Animals were confirmed to develop hypersensitivity to mechanical stimulation by 7 days following PSNL. Baseline expression of GLT-1 and GLAST in naive animals was only observed in astrocytes and not in either microglia or neurons. Microglia and astrocytes showed evidence of reactivity to the nerve injury when assessed at 7 and 14 days following PSNL evidenced by increased expression of OX-42 and GFAP, respectively. In contrast, the total level of GLT-1 and GLAST protein decreased at both 7 and 14 days after PSNL. Importantly, the cellular location of GLT-1 and GLAST was also altered in response to nerve injury.
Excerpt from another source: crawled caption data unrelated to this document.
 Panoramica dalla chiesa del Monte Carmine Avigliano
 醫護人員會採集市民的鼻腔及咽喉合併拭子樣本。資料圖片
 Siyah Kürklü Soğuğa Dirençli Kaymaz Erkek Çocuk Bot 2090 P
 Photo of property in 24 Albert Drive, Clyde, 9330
Whereas activated astrocytes showed a marked decrease in expression of GLT-1 and GLAST, activated microglia showed de novo expression of GLT-1 and GLAST at 7 days after PSNL and this was maintained through day 14. Neurons showed no expression of GLT-1 or GLAST at any time point.
These results indicate that the expression of glutamate transporters in astrocytes and microglia are differentially regulated following nerve injury.